Décryptage par Estelle Brosset, professeure de droit , Chaire Jean Monnet, Aix-Marseille Université, Université de Toulon, Univ Pau & Pays Adour, CNRS, DICE, CERIC, Aix-en-Provence, France

« Une résolution n’a pas vocation, en principe, à produire d’effet juridique et, de ce fait, ne constitue pas un acte attaquable devant la Cour de justice de l’Union »

En quoi consiste la résolution « urgence climatique » ?

Il s’agit d’une résolution du Parlement européen sur l’urgence climatique et environnementale, adoptée en session plénière le 28 novembre 2019 à une majorité confortable (429 pour, 225 contre et 19 abstentions).

La résolution est articulée autour de trois points. Il s’agit d’abord pour le Parlement de déclarer « l’état d’urgence climatique et environnementale » et de rappeler la nécessité de « limiter le réchauffement de la planète à 1,5 °C et éviter une perte massive de biodiversité ».

Partant de là, le Parlement  prendre « acte de sa responsabilité institutionnelle en matière de réduction de son empreinte carbone », responsabilité qui le conduit à proposer mesures concrètes pour réduire ses propres émissions : le remplacement de sa flotte par des véhicules à émission zéro et la détermination d’un siège unique pour lui-même (par un accord entre les Etats membres, seuls compétents en la matière). Le texte invite enfin la Commission, les États membres ainsi que tous les acteurs mondiaux à en faire de même. Il demande surtout et  « instamment » à la nouvelle Commission d’évaluer l’incidence de toutes ses propositions législatives et budgétaires en vue de les aligner à l’objectif visé (notamment dans les domaines de l’agriculture, du commerce, des transports, de l’énergie et des infrastructures).

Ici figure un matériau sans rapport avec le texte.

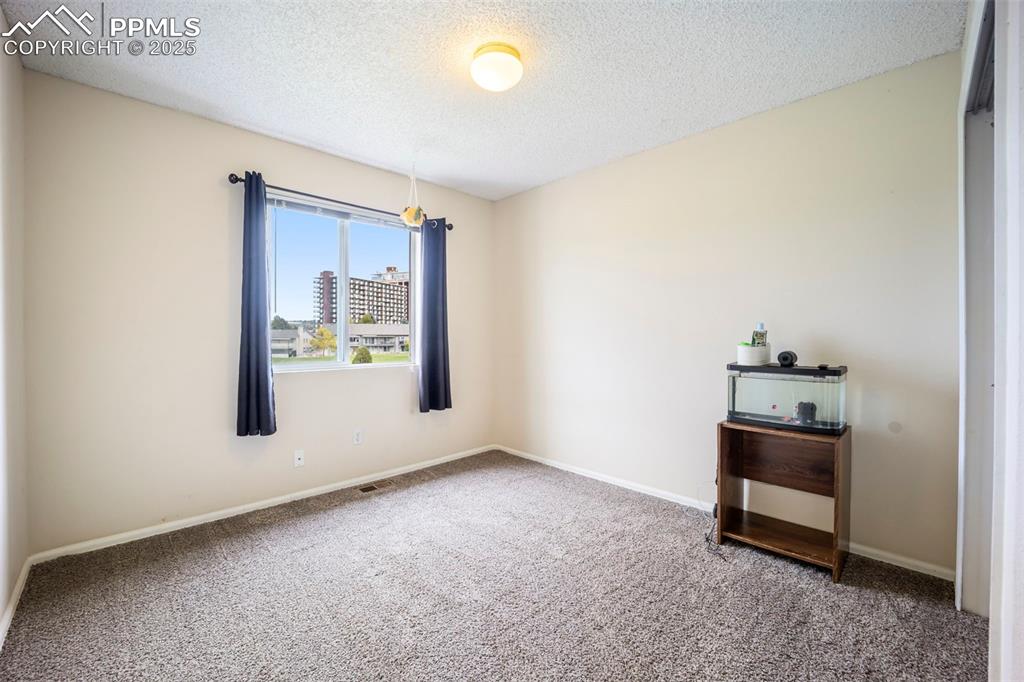 Image 19 of 33: Bedroom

Le même jour a été adoptée la résolution du Parlement sur la conférence des Nations unies de 2019 sur les changements climatiques à Madrid, Espagne (COP 25). Eu égard aux  différents rapports (notamment ceux du GIEC), le Parlement dans ce texte dit son inquiétude à propos de la réalisation de l’objectif de limitation du réchauffement à 1,5 °C d’ici 2100. Il appelle à l’adoption d’un objectif de réduction de 55 % (au lieu de 40 %) des émissions de gaz à effet de serre européennes d’ici 2030 par rapport aux niveaux de 1990 et à l’inscription de l’objectif de neutralité climatique[1] dès que possible et au plus tard d’ici 2050. Il demande au Conseil européen, lors de sa réunion des 12 et 13 décembre 2019, se soutenir un tel objectif. Le Parlement insiste particulièrement sur le secteur des transports aériens comme maritimes, seul secteur qui a connu une augmentation des émissions depuis 1990. Il s’inquiète notamment du manque d’ambition du régime de compensation et de réduction de dioxyde de carbone pour l’aviation internationale (CORSIA) et des difficultés d’articulation avec son propre système d’échanges de quotas d’émissions de gaz à effet de serre (SEQE).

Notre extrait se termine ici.